I I would say my experience of doing math is very rarely that I have a, you know, a brilliant idea that just solves the problem. Of course, sometimes, you know, you wake up in the middle of the night and like the problem is solved. But, uh, typically for that to happen, you have to marinate in the problem for four months.

So, like there is some secret ingredient of time. Uh, I don't know that my introspection is welldeveloped enough or trustworthy enough to say whether that's the only real ingredient.

I mean, I think there are Okay, let me let me amend that slightly. uh you know there are other things that happen like you develop philosophies or or analogies and there's some kind of mystical aspect to doing mathematics that I think we haven't seen the models uh do but it's also sort of BS right like uh that that that's mystical mystical aspect of doing mathematics is maybe just kind of compressing a lot of a lot of sort of ideas that you've read or absorbed um into some kind of package that's digestible to human so I don't know maybe it's close to context compaction or something like that interesting.

Yeah, I I guess there are these big analogies for like intelligence is search or intelligence is compression or something like that and we're just better at that for now and models have been getting better at it and yeah I'm generally speaking I'm also skeptical of those kinds of analogies but like say more.

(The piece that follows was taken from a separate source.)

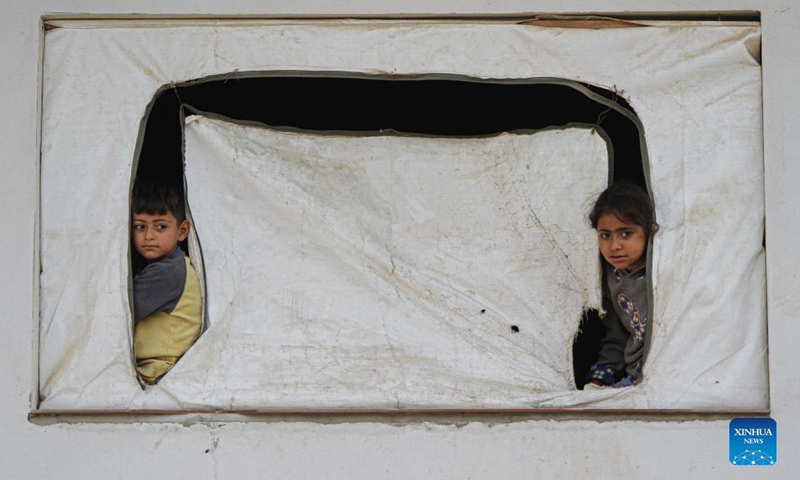 Children look out from their house in Jabalia refugee camp in northern Gaza Strip, Nov. 16, 2021. (Photo by Rizek Abdeljawad/Xinhua) 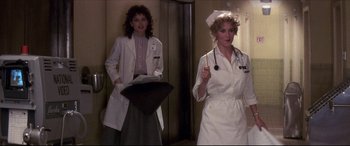 Movie still from “Tootsie” (1982), directed by Sydney Pollack – Two women dressed as nurses in a hospital room; Medium shot, Low angle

Oh I just think you know my sense is that there are a lot of ways to be good at math like like you know if you just look at what different people are able to do there's not that much overlap in capabilities like I don't know that there's any mathematician who like can prove the same theorems I'm proving and there's plenty of mathematicians doing stuff where I think their way of thinking is just quite different from mine.

Oh, but but I I suppose I mean maybe I said this poorly, but if I think of maybe it's not falsifiable. If I think of intelligence is search, then what that sounds to me like is you and a different mathematician are pursu pursuing different heristic search algorithms or something like that.

Sure. I I think that there's maybe a way of making sense of it, but I would argue that's sort of not not very contentful, right? Sure. Like if if intelligence is some hugely high dimensional space and you just make a name for that space doing a good job at that is yeah I don't know you can't tell if it's enlightening or not.

Could you contextualize the utility you're finding in the context of previous generations of tools like literature search is better but Google Scholar existed you know and that was presumably an improvement over card cataloges and conference proceedings.

Yeah, I mean I think right now the tools are on a continuum with with previous generations. So maybe in two ways. So first of all, literature search. Yeah, definitely the models are now at least for some literature search desks better than Google or better than Google Scholar.

That probably saves some time. Is it a lot of time? Well, I don't know. I mean, how much does it how how much time does it save compared to going to the library and probably couple hours?

A bit every once in a you know that kind of 2% productivity long run productivity improvement right on trend in general I think yeah that those those those improvements are seem to typically be as you're saying like fairly small I would I would be skeptical that this this is more than a percent or two for like like if um AI progress stalled today you wouldn't expect that we already have baked in an explosion in quality of mathematics compared to what was developed 10 years ago yeah I would expect yeah a sort of similar productivity growth to what we've seen which is you know maybe attributable in some to some extent to technology probably mostly attributable to population growth.

You can ask just the the same question at Google. Like how much did Google or email that kind of thing? Uh did you live through that? Did that feel like you know so I was born in 1988 so I became a I got my PhD in 2015.

So yeah Google was already already around by the time I started thinking about math. So I I have actually asked older mathematicians this question. I think the general consensus just self-reported is that like Google did increase mathematical productivity.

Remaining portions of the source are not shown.